A ida de Gleisi a Caracas, representando ao PT, abre as portas para quem defende que essa é uma esquerda que ficou atada aos velhos clichês do passado
O ex-presidente Lula, da prisão, e Gleisi Hoffmann,
como presidenta do Partido dos Trabalhadores, deram um grande presente a
Bolsonaro e à extrema direita brasileira, que acaba de chegar ao poder
em boa parte porque milhões de eleitores não queriam que a esquerda
voltasse a governar.
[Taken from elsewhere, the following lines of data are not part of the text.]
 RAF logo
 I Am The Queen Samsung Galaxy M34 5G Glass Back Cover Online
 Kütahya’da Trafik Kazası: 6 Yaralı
Nada, de fato, deixará o Governo de Bolsonaro tão
feliz como a ida de Gleisi à posse de Nicolás Maduro,
que foi abandonado pela grande maioria dos Governos do continente, os
quais se negaram a ir festejar o que um editorial deste jornal chamou de
“a farsa de Maduro”.
O EL PAÍS, que sempre foi prudente antes de considerar o
regime da Venezuela como ditadura, desta vez foi taxativo ao afirmar que
o Governo venezuelano submeteu à tortura o seu povo, o qual “se consome
em uma tragédia que deveria ser intolerável no século XXI”. A decisão
do PT de Lula, que é quem continua mandando no partido, e sem cuja
bênção Gleisi não se atreveria a ir prestar homenagem a Maduro, já
considerado como ditador por todas as maiores democracias, representa
uma triste e trágica tolerância por parte de um partido como o PT.
Trata-se de um partido que sempre foi considerado moderado e democrático na esquerda da América Latina.
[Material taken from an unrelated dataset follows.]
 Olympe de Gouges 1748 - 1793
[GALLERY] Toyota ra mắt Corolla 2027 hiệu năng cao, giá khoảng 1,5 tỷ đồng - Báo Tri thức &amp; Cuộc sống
É verdade que o PT se colocou ao lado do regime venezuelano mesmo
quando já soavam os alarmes de que este estaria traindo todos os
direitos humanos e pisoteando as liberdades democráticas. Hoje,
entretanto, frente ao grito quase unânime inclusive de Governos
progressistas que discordam da tragédia venezuelana que está causando
fome, exílio e morte, o PT deveria ter aproveitado a ocasião para fazer
um exame de consciência e se colocar ao lado dos Governos democráticos
que disseram “basta!” à loucura ditatorial de Maduro.
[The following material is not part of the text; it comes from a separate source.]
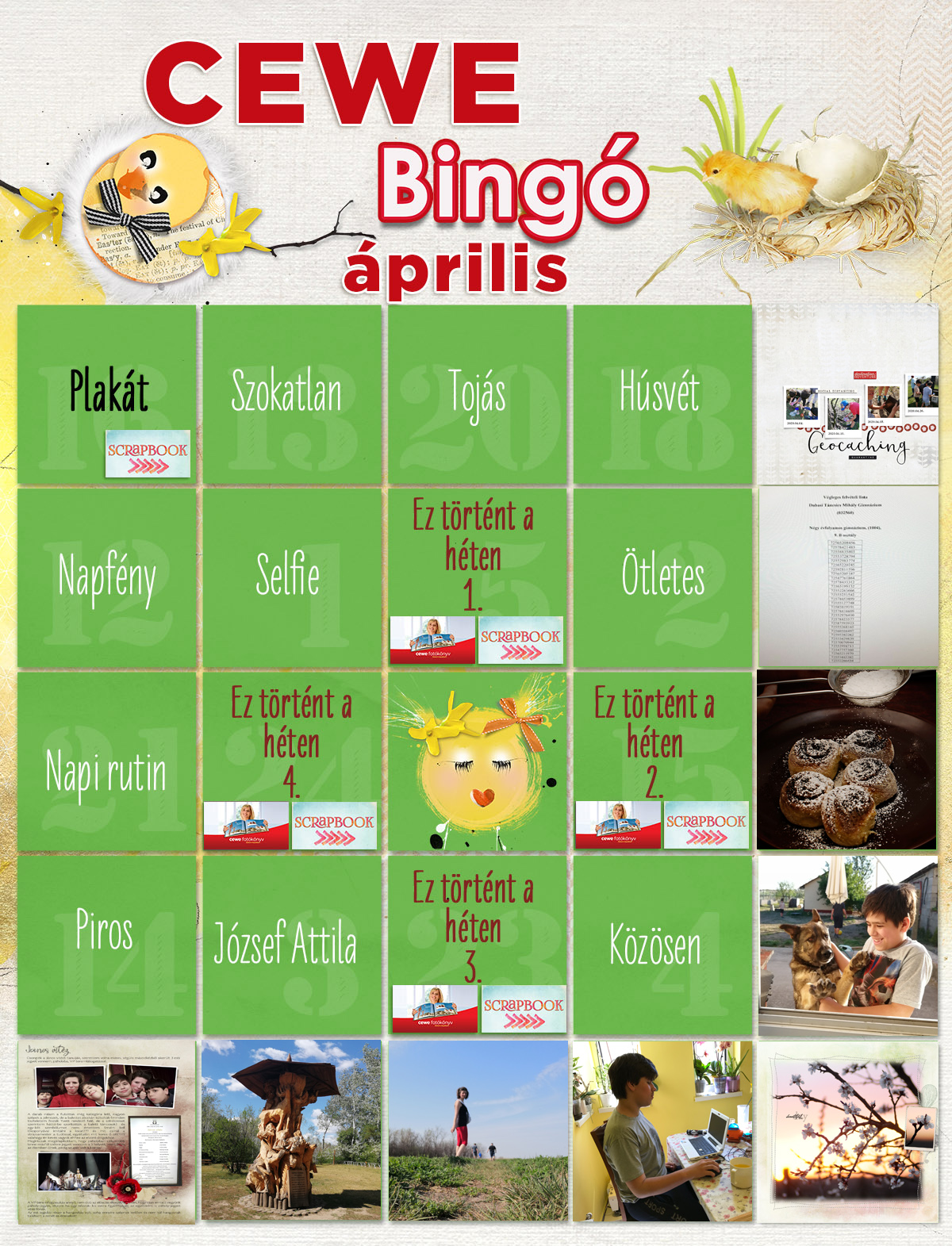 9-es bingo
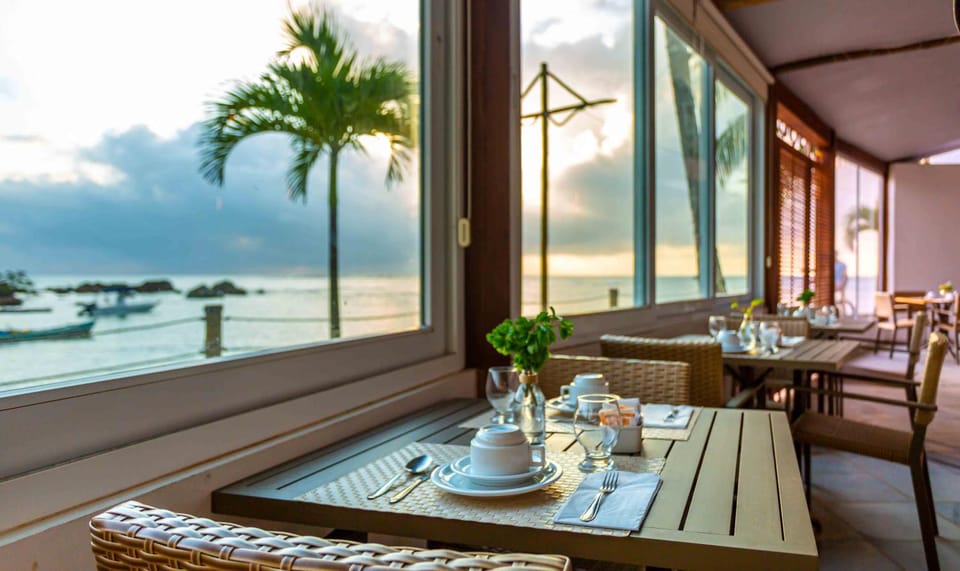 Aqua by Sambass Inn in Ilha de Tinharé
Isso, ainda por cima, num momento em que o PT está sendo
apontado pelo novo Governo direitista de Bolsonaro como a causa dos
males econômicos e de outras índoles que assolam o Brasil, e por outros
como o responsável por ter permitido que a ultradireita chegasse ao
poder. O PT, que foi outrora um agente de esperança renovadora com forte
sentido social na esquerda democrática da América Latina, encontra-se
hoje no papel de fazer oposição a um Governo que já anunciou seu desejo
de aniquilá-lo. Sua decisão de novamente dar apoio a Maduro e ao
grotesco das últimas eleições venezuelanas é o pior presságio para quem
pretende ser o fulcro da oposição à onda autoritária de Bolsonaro. Foi
um gol contra que pelo qual poderá acabar pagando caro.
No editorial do EL PAIS se diz que Nicolás Maduro
deveria “olhar hoje ao seu redor e sentir a solidão e o isolamento em
relação à América Latina e às potências democráticas do mundo”, assim
como deveria “agir de acordo com isso, pondo fim à tortura a que tem
submetido o seu povo”. A ida de Gleisi a Caracas, representando ao PT,
abre as portas para quem defende que essa é uma esquerda que ficou atada
aos velhos clichês do passado e inclusive isolada no continente. Seria
até mesmo corresponsável pelas atrocidades que estão sendo perpetradas
num país martirizado por uma ditadura que não sabe chorar por suas
vítimas. Que continua encastelada numa ideologia que causou tantas ou
mais atrocidades que a direita no mundo.
A dor das vítimas inocentes não tem cor política. Há
momentos em que não é possível não tomar partido, porque fechar os olhos
significaria ser cúmplice da morte e dos rios de sofrimento de milhões
de inocentes. Gente que acaba sendo sacrificada por ideais que, se um
dia foram vistos como libertadores, hoje, na Venezuela, aparecem como verdugos dos mais fracos.